Die beiden Jungen wussten sehr genau Bescheid über die Zahl der Krieger, die den Hauptmännern unterstanden, wie groß diese Zahl im Gegensatz zum Aufgebot möglicher Gegner war, und wie lange es brauchen würde, um sie aus den umliegenden Orten hier zu versammeln. Immerhin war es für sie nicht das erste Mal, dass ein Krieg bevorstand.
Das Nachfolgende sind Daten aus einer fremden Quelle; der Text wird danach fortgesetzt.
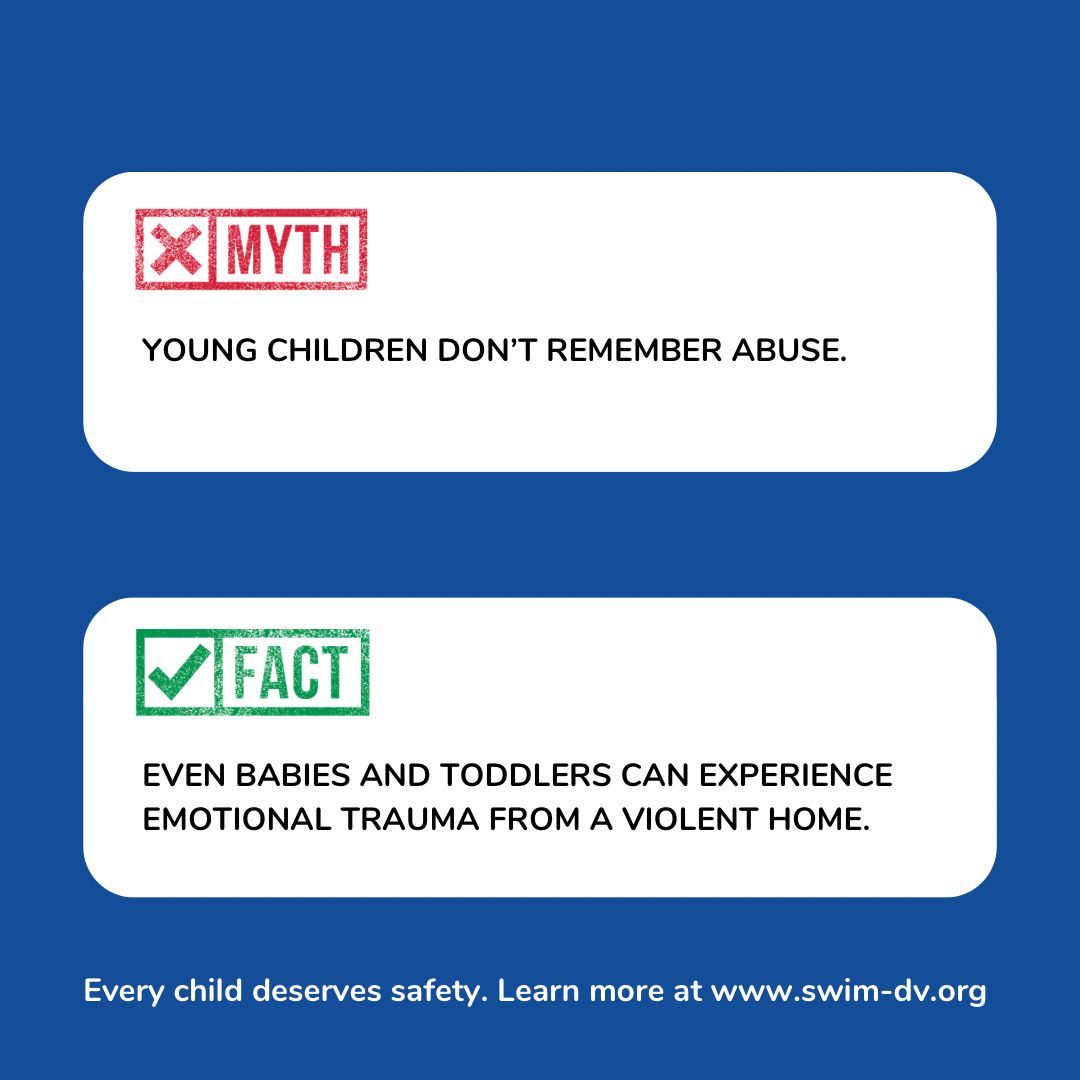 SWIM_DV's tweet image. Misconceptions about domestic violence and its impact on children can prevent them from getting the help they need. Let’s challenge the myths and face the facts. 💪
Every child deserves to feel safe and loved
Langsam aber sicher beschlich Bryzos das Gefühl, dass er es gewesen war, der am Ende der Welt gewohnt hatte. Er hätte keine Antwort auf die Frage nach der Größe und Stärke der Armee seines Vaters geben können, geschweige denn Auskunft über ihre Ausrüstung, Kampfkapazitäten und Kriegsbereitschaft. In diesem Moment, während er mit ein paar Typen, die ihr Brot damit verdienten, Pferdescheiße zu schaufeln, draußen vor einem Stall stand, barfuß und mit einer geliehenen Tunika bekleidet, wurde ihm klar, dass der Monolog, den sein Vater tags zuvor in der großen Halle über „Thrakische Größe“, seine stolze Herkunft und das Haus Akamas gehalten hatte, kompletter Schwachsinn gewesen war. Er, der Märchenprinz aus dem Haus des Königs, der Herrscher von Keirpara, war hier der Dorftrottel. Und das Geschwätz darüber, dass die Thraker als Krieger geboren seien, war eben nichts anderes als Geschwätz. Er wusste nichts über den Krieg, überhaupt nichts, und diese beiden Jungen, die wahrscheinlich noch nie solche berühmten Krieger wie den Bullen oder Zeuxidas zu Gesicht bekommen hatten, würden mit ihren Herren in den Krieg ziehen müssen.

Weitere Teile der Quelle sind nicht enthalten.